EXERCISE DESCRIPTION: Retrieve every line of the data holding the word "foto".

= Beginning of Section =

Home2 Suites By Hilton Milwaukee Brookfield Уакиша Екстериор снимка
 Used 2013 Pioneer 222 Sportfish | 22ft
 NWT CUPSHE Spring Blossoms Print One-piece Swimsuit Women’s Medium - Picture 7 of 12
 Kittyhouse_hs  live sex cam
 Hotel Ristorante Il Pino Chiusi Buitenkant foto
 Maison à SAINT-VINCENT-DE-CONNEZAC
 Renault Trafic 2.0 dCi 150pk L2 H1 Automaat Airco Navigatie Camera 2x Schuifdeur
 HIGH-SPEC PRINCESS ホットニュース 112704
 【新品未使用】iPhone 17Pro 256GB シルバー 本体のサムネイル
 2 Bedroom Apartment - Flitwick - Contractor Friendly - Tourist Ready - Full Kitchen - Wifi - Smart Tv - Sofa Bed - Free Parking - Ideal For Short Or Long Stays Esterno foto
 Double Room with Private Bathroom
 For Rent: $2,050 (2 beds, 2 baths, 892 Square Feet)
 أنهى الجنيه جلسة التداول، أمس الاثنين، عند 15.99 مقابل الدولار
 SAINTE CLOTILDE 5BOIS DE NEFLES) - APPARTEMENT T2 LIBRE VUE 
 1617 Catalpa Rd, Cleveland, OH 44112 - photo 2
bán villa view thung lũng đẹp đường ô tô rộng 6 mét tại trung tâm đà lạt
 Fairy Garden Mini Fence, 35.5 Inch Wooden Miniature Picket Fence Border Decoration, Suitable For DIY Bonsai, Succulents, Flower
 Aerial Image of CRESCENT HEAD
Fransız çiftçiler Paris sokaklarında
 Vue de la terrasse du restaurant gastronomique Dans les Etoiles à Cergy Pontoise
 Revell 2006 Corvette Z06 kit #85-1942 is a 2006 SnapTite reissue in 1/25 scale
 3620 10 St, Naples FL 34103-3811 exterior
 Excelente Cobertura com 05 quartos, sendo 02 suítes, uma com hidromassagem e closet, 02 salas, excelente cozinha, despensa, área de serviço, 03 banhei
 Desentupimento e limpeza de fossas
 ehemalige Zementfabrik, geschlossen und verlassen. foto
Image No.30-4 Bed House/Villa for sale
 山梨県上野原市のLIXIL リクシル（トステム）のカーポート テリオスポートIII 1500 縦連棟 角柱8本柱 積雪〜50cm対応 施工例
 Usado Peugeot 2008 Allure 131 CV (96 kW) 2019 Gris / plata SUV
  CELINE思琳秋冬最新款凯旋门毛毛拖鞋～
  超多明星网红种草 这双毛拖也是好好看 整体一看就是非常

= End of Section =

WRITTEN SOLUTION:
 Hotel Ristorante Il Pino Chiusi Buitenkant foto
 2 Bedroom Apartment - Flitwick - Contractor Friendly - Tourist Ready - Full Kitchen - Wifi - Smart Tv - Sofa Bed - Free Parking - Ideal For Short Or Long Stays Esterno foto
 ehemalige Zementfabrik, geschlossen und verlassen. foto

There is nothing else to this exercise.